PROVIDED RECORDS section start
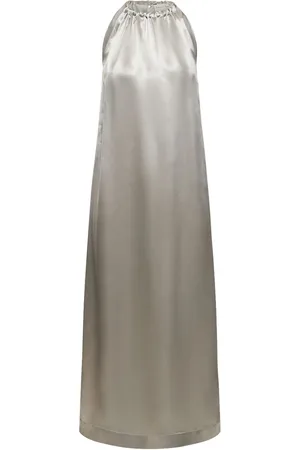 Loulou Studio Morene Silk Blend Halter Neck Long Dress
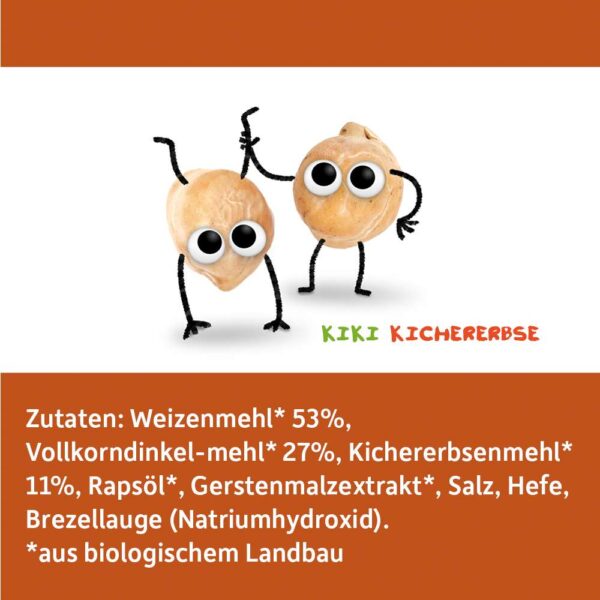 Zwei freche Kichererbsen tanzen fröhlich neben der Zutatenliste der Freche Freunde Bio Brezeln Kichererbse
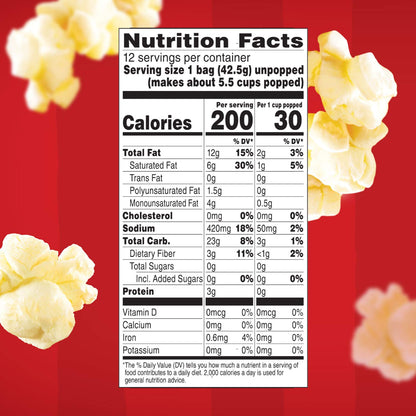 Orville Redenbacher’s Microwave Popcorn Mini Bags, Movie Theater Butter Flavor, 3g Fiber Per Serving, 1.5 oz., 12-Count
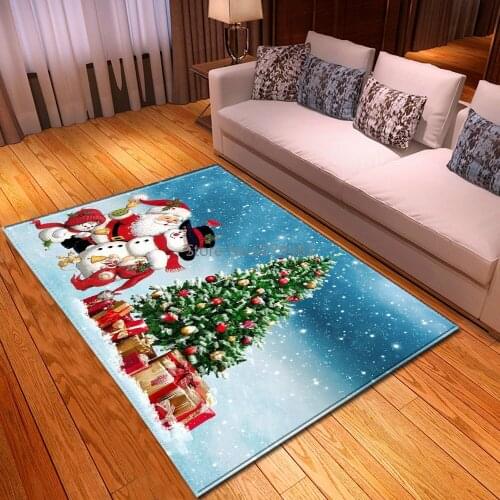 Christmas Living Room Carpet Children Rug Kids Room Decoration Large Carpet Home Non-slip Hallway Bedroom Floor Bedside Mat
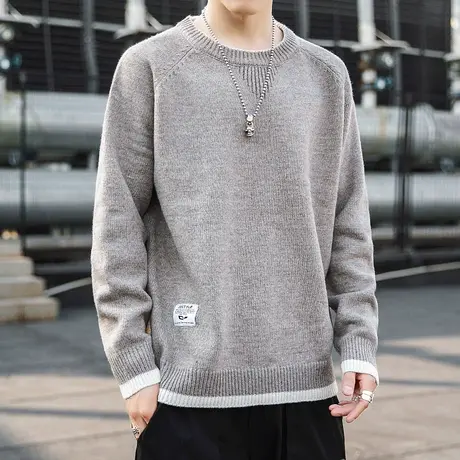 男士毛衣打底衫长袖2021新款春秋冬季圆领内搭薄款针织衫线衣男装商品大图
PROVIDED RECORDS section end
■ PROBLEM STATEMENT:
Without any pictures, write out the lines running from the one containing "Zwei freche Kichererbsen" through the end of the listing above, both included, exactly as given.

■ RESULT FOR THIS TASK:
 Zwei freche Kichererbsen tanzen fröhlich neben der Zutatenliste der Freche Freunde Bio Brezeln Kichererbse
 Orville Redenbacher’s Microwave Popcorn Mini Bags, Movie Theater Butter Flavor, 3g Fiber Per Serving, 1.5 oz., 12-Count
 Christmas Living Room Carpet Children Rug Kids Room Decoration Large Carpet Home Non-slip Hallway Bedroom Floor Bedside Mat
 男士毛衣打底衫长袖2021新款春秋冬季圆领内搭薄款针织衫线衣男装商品大图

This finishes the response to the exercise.